When a command handler saves a domain aggregate and raises domain events, the event handlers in Application.Reactions run in the same in-process transaction. If the event handler calls an external service (sends an email, publishes to a message bus) and that call fails after the database write has committed, the event is lost. There is no automatic retry.

For many business events, losing an event is acceptable in the short term: the failure is logged, the team is alerted, and the issue is resolved manually. For other events (payment confirmations, order status updates, compliance notifications), losing an event is not acceptable.

The Outbox pattern solves this by persisting domain events to an outbox table in the same database transaction as the aggregate write. A separate background process reads the outbox and dispatches events to external systems, retrying on failure until the event is delivered or moved to a dead-letter store.

This pattern adds significant complexity: the outbox table, the dispatcher service, retry logic, idempotency handling on the consumer side, and dead-letter management. Introducing this complexity before it is needed makes the codebase harder to understand and maintain.

Two approaches were considered:

Implement the Outbox pattern from the start for all projects.
Use the simple in-process event handling approach by default and escalate to the Outbox pattern only when a specific reliability requirement is identified.

Decision

The default event handling approach is in-process: domain events are raised by aggregates and handled by Application.Reactions event handlers after the command transaction succeeds. The Outbox pattern is the approved escalation path when a specific, documented reliability requirement exists.

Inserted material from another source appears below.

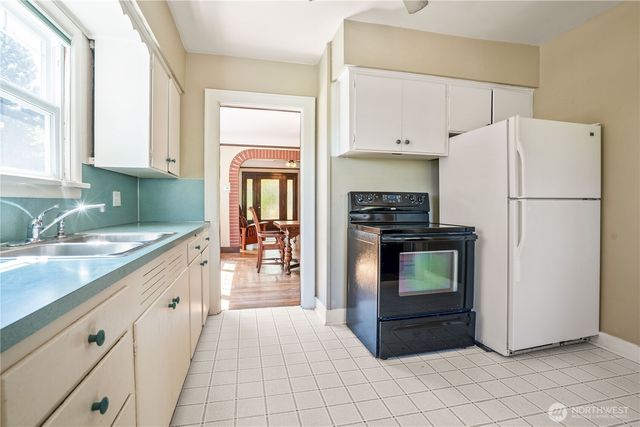 1082 W Smith Road, Bellingham, WA 98226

Escalate to the Outbox pattern when any of these are true:

Losing one event would require manual data repair.
The event triggers payment, billing, compliance, audit, or security work.
The event updates another system of record.
The event sends a user notification that must survive process restarts.
The project needs retry, dead-letter, or delivery-age monitoring.

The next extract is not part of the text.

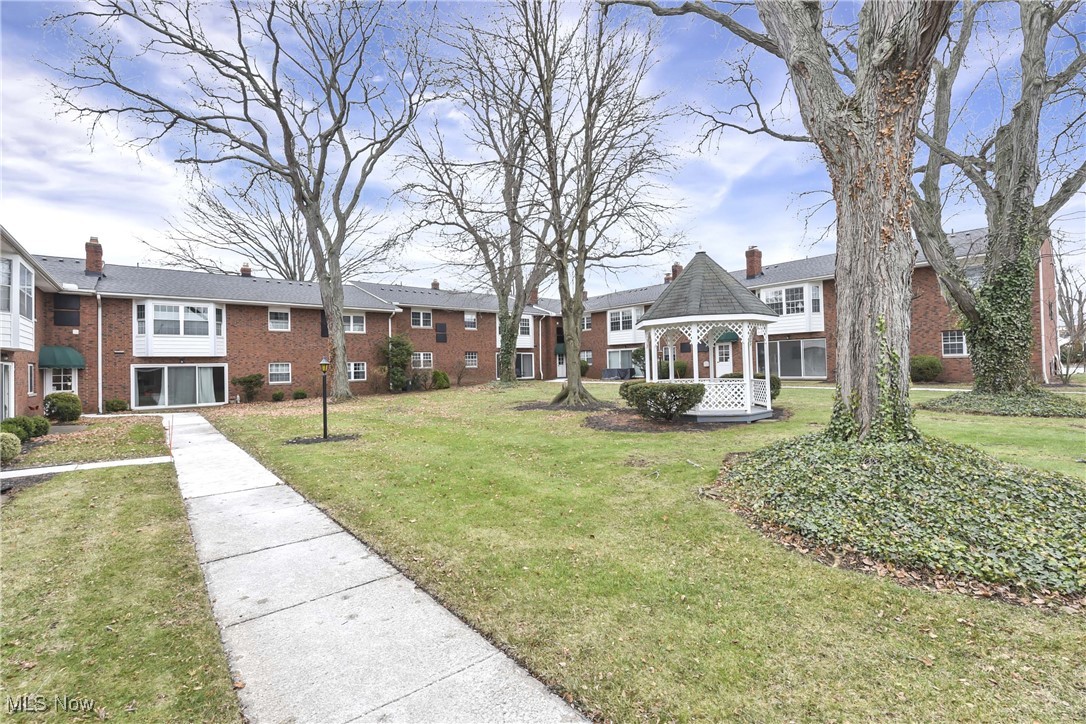 2948 Pease Drive Rocky River OH 44116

When the Outbox pattern is adopted for a project, Infrastructure owns the outbox table, serialization, leasing, retries, dead-letter handling, and dispatcher hosted service or worker. Application.Reactions keeps narrow interfaces and does not reference external libraries.

Consumers must be idempotent because a dispatcher can deliver the same message more than once after a crash between external delivery and marking the row processed.

Consequences

Positive

The default approach is simple and works for the majority of use cases.
Escalation to the Outbox pattern is a documented, approved path with a known implementation strategy.
The narrow interface pattern in Application.Reactions means the event handler code does not change when the delivery mechanism changes from in-process to outbox-backed.

Negative

Teams must recognize when the simple approach is no longer sufficient and escalate proactively. Missing this escalation point means events are lost in production before the pattern is adopted.
Once the Outbox pattern is introduced, it adds meaningful operational complexity (outbox table maintenance, dispatcher service, monitoring).
Every consumer must handle duplicate delivery safely.

Risks

A project may delay escalation until after an event is lost. The reliability convention defines the required triggers and migration path. Teams adopting this escalation document their event delivery requirements explicitly in a project ADR.